I died today because I no longer have to be that person, surrounded with fear and unstable surroundings.
I feel secure, stable, and most importantly, I feel blessed. How beautiful of a life this is.
For the past years of my life, I’ve lived in fear that everything I have could be ripped from my reach at any point. It was highly possible. As long as I can remember, it had been me counting down the days until I was finally free from my father. Until 18 finally made its’ way into the picture. And here it is.
My, is it lovely.
I woke up to a different point of view today, because no longer was there a heavy weight on my shoulders. I don’t have to worry any longer. I’ve always told myself “He can’t hurt me anymore.” But now, he really can’t hurt me.
Everything, from this point forward, is up to me. I choose. I choose happiness instead of fear.

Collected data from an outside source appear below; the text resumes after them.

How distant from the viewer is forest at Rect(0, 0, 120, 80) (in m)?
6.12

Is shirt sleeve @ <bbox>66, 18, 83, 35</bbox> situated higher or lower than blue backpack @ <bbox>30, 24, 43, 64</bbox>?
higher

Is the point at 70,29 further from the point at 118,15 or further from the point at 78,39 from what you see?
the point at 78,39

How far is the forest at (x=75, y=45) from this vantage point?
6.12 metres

I feel lucky to say the least. There have been dark times. I owe almost everything to the Hilson/Hill/LeBeouf family for being the light at the end of the tunnel for me. Also my mother, sister, and brother were the ones who stuck through my entire life. I thought that whenever the majority of my family left, I’d be left with only a handful of people. However, with the loss of them, I gained a family ten times better than the one I lost.
For that I am eternally grateful.
I used to think of my life, and back into a corner. Things weren’t in the cards for me, because I was constantly being controlled by someone who wasn’t even physically around.

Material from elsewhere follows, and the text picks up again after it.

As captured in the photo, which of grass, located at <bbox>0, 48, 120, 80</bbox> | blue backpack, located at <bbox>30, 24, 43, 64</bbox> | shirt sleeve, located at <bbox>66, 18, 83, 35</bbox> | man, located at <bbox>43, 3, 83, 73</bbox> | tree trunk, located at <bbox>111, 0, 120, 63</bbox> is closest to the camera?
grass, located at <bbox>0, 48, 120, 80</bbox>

Anything can be in the cards for me now. I am in control of my own life.
The biggest part of this birthday for me is seeing that I made it. I did it. Unless you’ve struggled to stay breathing, you won’t fully comprehend the gravity of another birthday. 365 more days of breathing. Sure, it’s the simplest task known to man. I take my life breath by breath. There’s not much else we can do. Change overwhelms us. So I take it breath by breath by breath by breath.
18 years of breathing. That’s one hell of an accomplishment, I’ll say.
Today marks a new chapter in my life. I’m the author of my own story, so I’ve decided to name this chapter “Free” for obvious reasons.
Who knows what the next 365 days of breathing have to offer me? Maybe it’s phenomenal. Maybe it’s horrific. Maybe we just get through it, and that’s all we can really wish for.
Like I said, all we can do is keep breathing.
Welcome, 18. I’ve been waiting for you.